PROVIDED RECORDS:

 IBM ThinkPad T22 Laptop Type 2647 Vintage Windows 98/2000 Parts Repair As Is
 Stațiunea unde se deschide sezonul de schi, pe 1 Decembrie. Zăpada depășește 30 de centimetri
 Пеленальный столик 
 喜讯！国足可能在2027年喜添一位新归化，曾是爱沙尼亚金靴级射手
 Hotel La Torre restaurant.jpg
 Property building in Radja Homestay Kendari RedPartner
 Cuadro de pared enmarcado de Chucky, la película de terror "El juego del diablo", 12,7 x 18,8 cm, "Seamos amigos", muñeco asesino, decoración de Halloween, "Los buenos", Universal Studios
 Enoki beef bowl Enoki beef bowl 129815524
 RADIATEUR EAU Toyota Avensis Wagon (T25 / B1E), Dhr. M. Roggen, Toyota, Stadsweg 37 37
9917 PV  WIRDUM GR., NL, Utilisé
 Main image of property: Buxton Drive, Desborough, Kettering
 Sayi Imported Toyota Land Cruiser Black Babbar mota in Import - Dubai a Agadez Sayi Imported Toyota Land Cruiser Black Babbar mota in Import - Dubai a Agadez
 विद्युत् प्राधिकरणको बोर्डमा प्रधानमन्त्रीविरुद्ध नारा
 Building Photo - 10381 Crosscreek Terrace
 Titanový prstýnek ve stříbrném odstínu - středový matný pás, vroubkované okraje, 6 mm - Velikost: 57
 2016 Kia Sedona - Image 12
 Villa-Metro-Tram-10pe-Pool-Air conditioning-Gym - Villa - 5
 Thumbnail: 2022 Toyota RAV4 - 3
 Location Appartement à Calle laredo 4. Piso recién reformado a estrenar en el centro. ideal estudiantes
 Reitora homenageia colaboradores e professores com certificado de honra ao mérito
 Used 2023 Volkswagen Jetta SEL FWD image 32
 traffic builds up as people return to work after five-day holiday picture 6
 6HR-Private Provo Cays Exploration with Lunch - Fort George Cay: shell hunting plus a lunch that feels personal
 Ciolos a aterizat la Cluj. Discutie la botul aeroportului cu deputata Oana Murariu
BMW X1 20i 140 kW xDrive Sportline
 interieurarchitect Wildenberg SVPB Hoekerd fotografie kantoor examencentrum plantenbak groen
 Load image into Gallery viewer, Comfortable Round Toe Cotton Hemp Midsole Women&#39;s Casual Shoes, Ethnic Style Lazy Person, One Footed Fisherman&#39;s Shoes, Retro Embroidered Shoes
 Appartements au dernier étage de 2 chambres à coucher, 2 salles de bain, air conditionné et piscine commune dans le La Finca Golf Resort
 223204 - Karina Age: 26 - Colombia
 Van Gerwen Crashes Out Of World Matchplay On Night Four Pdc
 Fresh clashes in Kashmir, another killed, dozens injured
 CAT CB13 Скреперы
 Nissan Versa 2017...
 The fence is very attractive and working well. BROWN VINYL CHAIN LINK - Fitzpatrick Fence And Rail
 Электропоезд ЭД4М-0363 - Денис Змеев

WHAT THE EXERCISE ASKS:
Find "The fence is" in the records above. Repeat its line and every later line exactly, through the last one.

COMPLETED EXERCISE:
 The fence is very attractive and working well. BROWN VINYL CHAIN LINK - Fitzpatrick Fence And Rail
 Электропоезд ЭД4М-0363 - Денис Змеев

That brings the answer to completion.